● Task objective
From the records below, please print only the lines from the one containing "VT license plate WFW932" through the one containing "Chaise de jardin", both included. Skip the pictures.

● Data records
========================
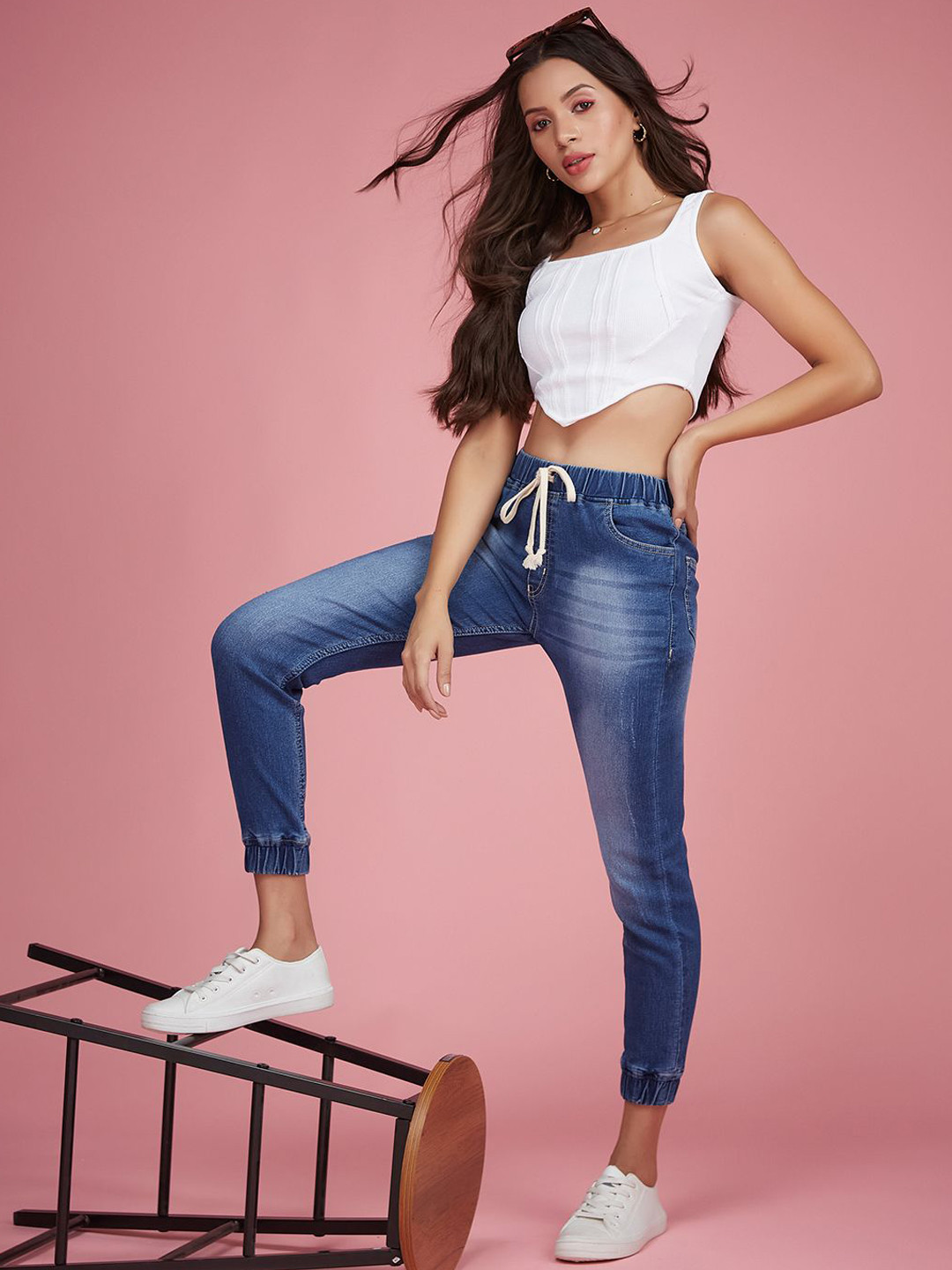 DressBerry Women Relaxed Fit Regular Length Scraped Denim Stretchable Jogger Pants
========================
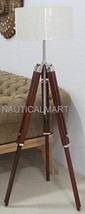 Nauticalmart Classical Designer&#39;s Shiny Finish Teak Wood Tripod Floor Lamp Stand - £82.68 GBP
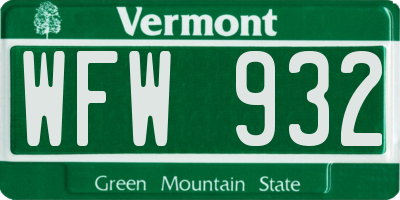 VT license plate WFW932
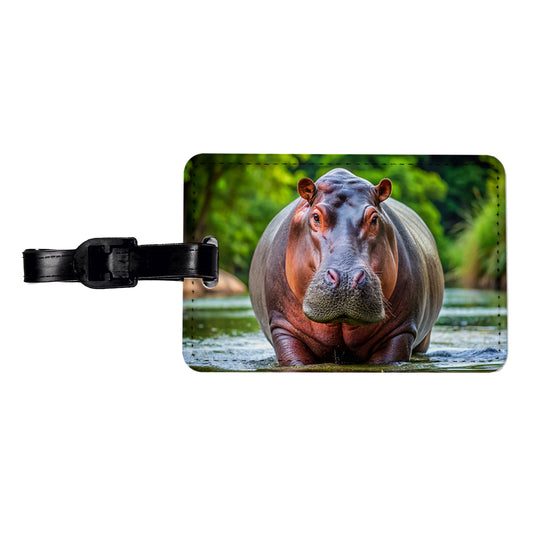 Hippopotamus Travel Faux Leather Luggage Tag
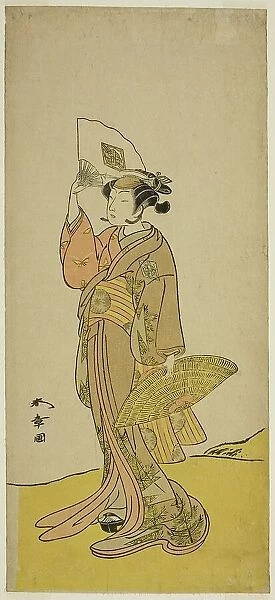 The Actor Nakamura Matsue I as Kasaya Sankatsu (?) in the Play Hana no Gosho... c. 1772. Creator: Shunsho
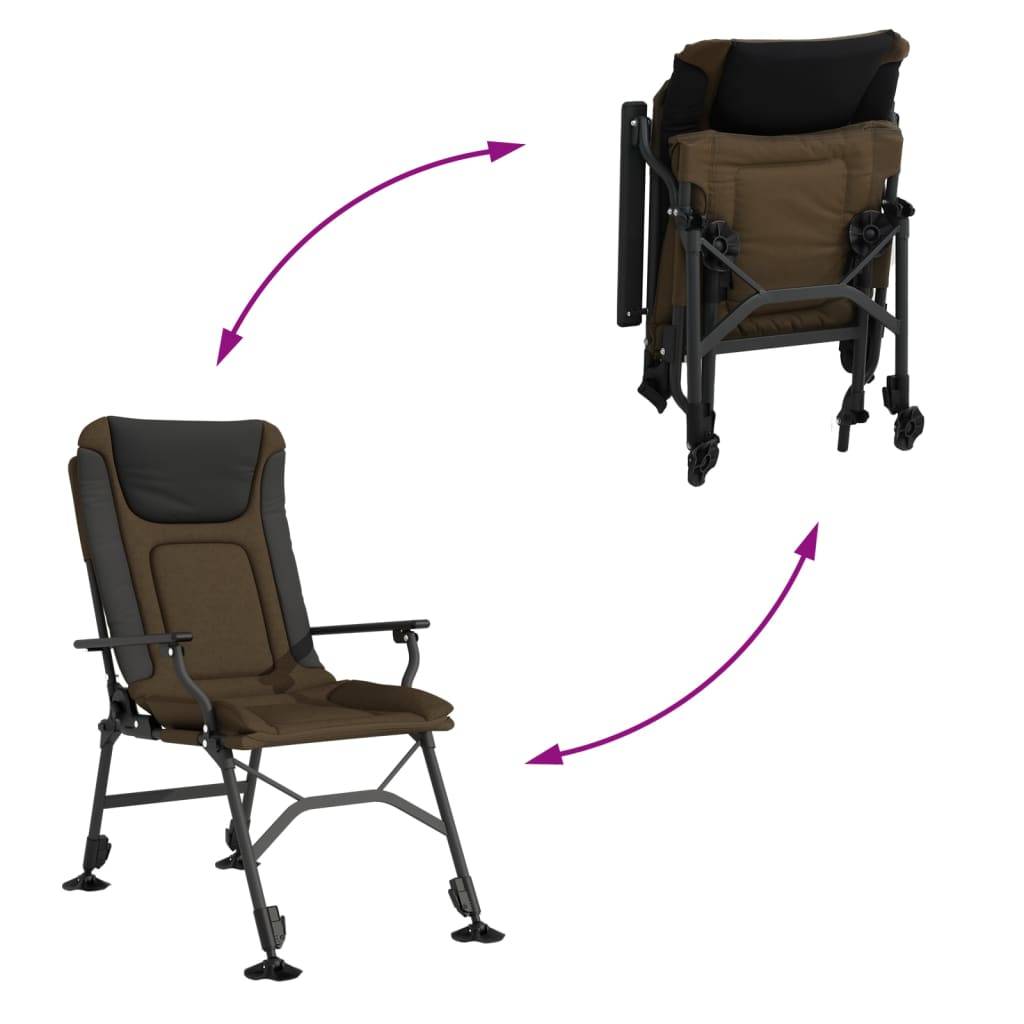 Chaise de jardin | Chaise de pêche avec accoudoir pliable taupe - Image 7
========================
● Exercise output
 VT license plate WFW932
 Hippopotamus Travel Faux Leather Luggage Tag
 The Actor Nakamura Matsue I as Kasaya Sankatsu (?) in the Play Hana no Gosho... c. 1772. Creator: Shunsho
 Chaise de jardin | Chaise de pêche avec accoudoir pliable taupe - Image 7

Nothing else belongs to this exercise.